I

La ville est en effervescence toute la journée, la Havane est une vraie fourmilière dont le flot d'activité ne tarit jamais. Les touristes prennent en photos les bâtiments fatigués aux façades qui s'écaillent sous la pression d'un soleil trop accablant, les voitures décapotables aux couleurs encore rutilantes, vestiges d'un capitalisme usé, défilent à allure moyenne et les appareils photos des touristes leur adressent des clins d'oeil qu'elles renvoient.

Je n'aime pas ce débordement, ce flot impétueux de mouvements apparemment impossible à refréner, je me sens comme un surfer bientôt englouti par la vague, et l'écume qui rentre par tous les pores de ma peau est cette bouillie immonde de morceaux de phrases prononcées dans des langues différentes.

Alors je suis comme engourdi chez moi, dans les limbes d'une chaleur épaisse que disperse parfois l'air conditionné d'un ventilateur bruyant.

Bientôt la luminosité dehors faiblit, la chaleur reste à son paroxysme pour le moment mais je sais qu'il faut sortir. Je déambule sur le bord du Malecon en tâchant de marcher moins vite que les touristes; je me sens éternel.

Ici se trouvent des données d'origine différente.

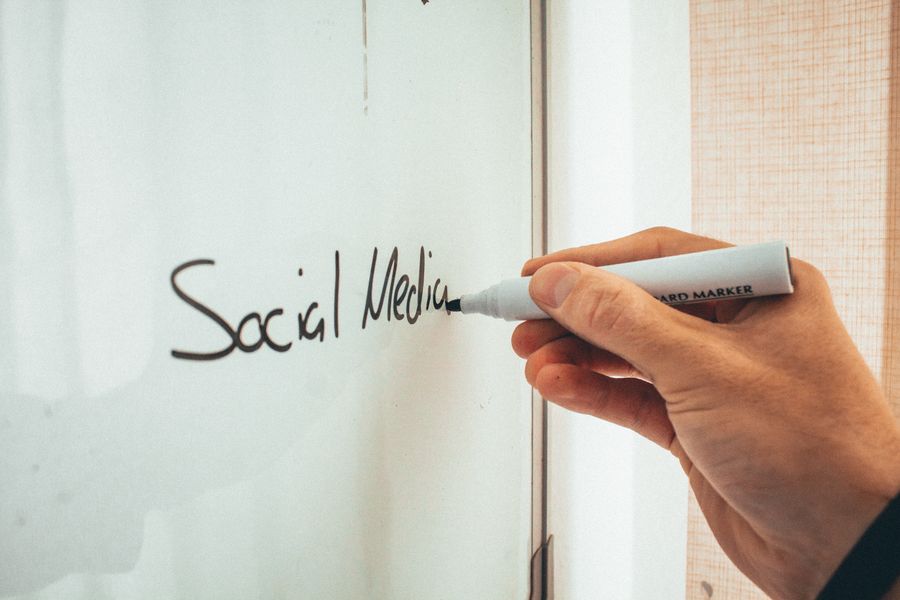 Unrecognizable man taking notes on whiteboard — Advertisements templates browser mockup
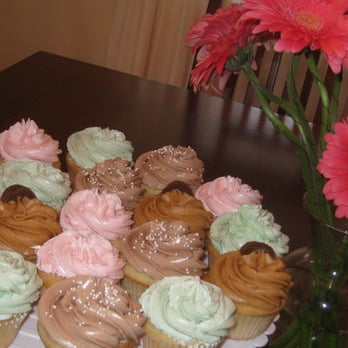 Oh Sue Sweet - a plate of cupcakes and flowers - Desserts Near Me Oh Sue Sweet - a plate of cupcakes and flowers - Desserts Near Me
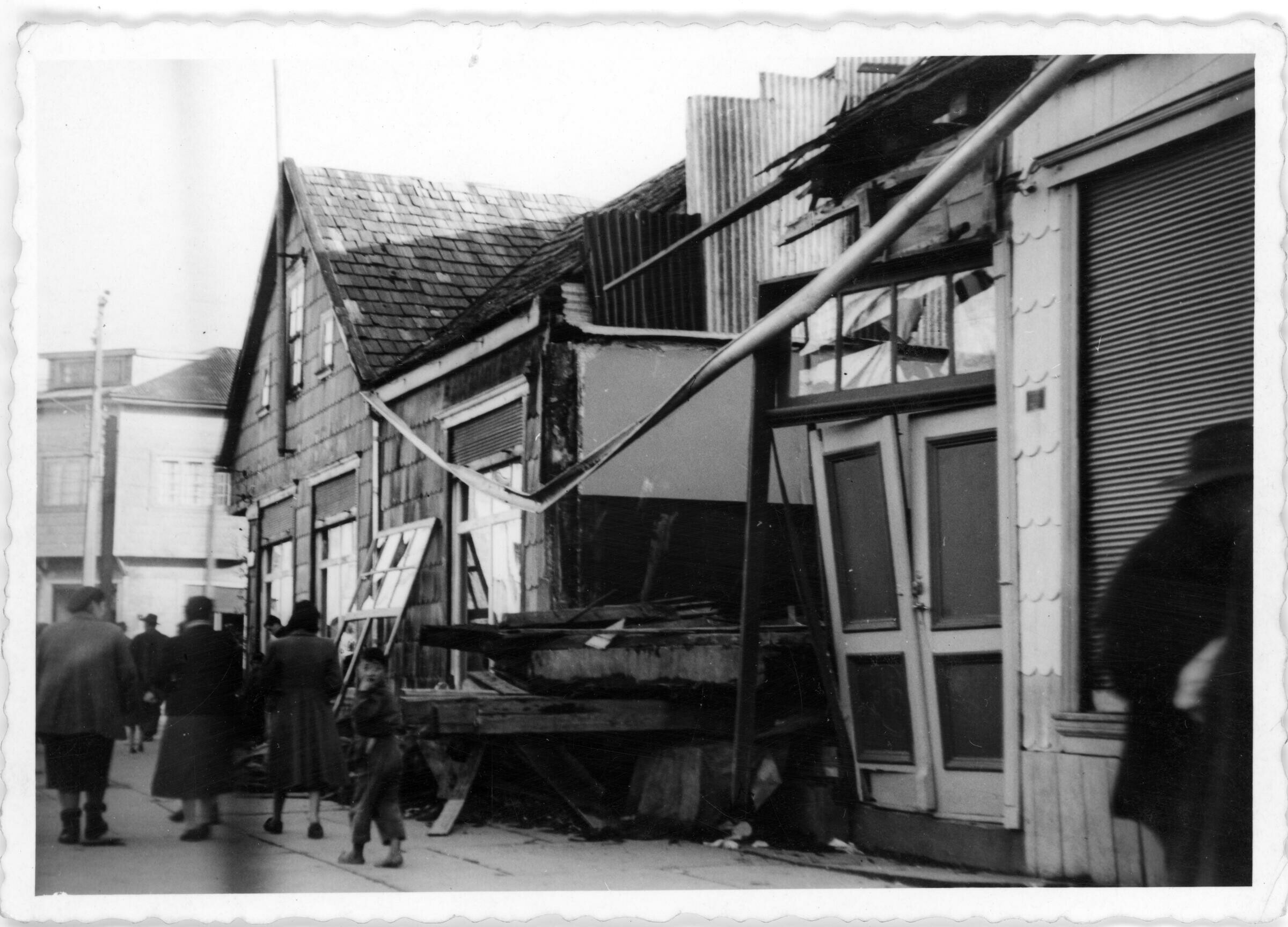Plano general de un grupo de personas caminando en el frontis de una casa de madera derrumbada por el terremoto de 1960 en el centro de Puerto Varas.
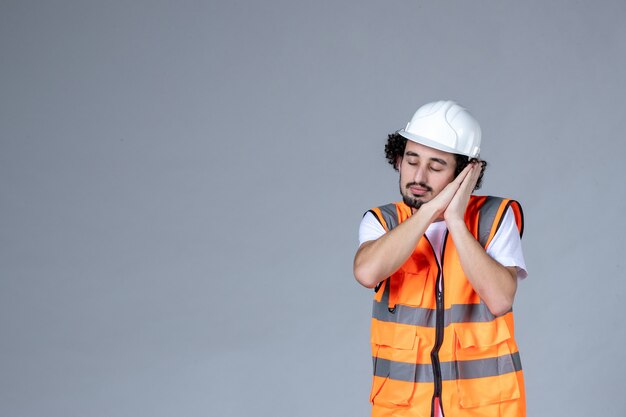 Close-up foto do sonolento construtor masculino em colete de advertência com capacete de segurança na parede de onda cinza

Le soleil a fini par disparaître et l'océan n'est plus en feu, je ferme les yeux mon visage fermé accueille les brises marines et une fraîcheur nouvelle à chaque fois.

havana

II

Tout est différent lorsque la nuit enserre la Havane. L'environnement est plus calme, les mouvements brusques se métamorphosent en glissement feutrés. On ne parle plus que l'espagnol. 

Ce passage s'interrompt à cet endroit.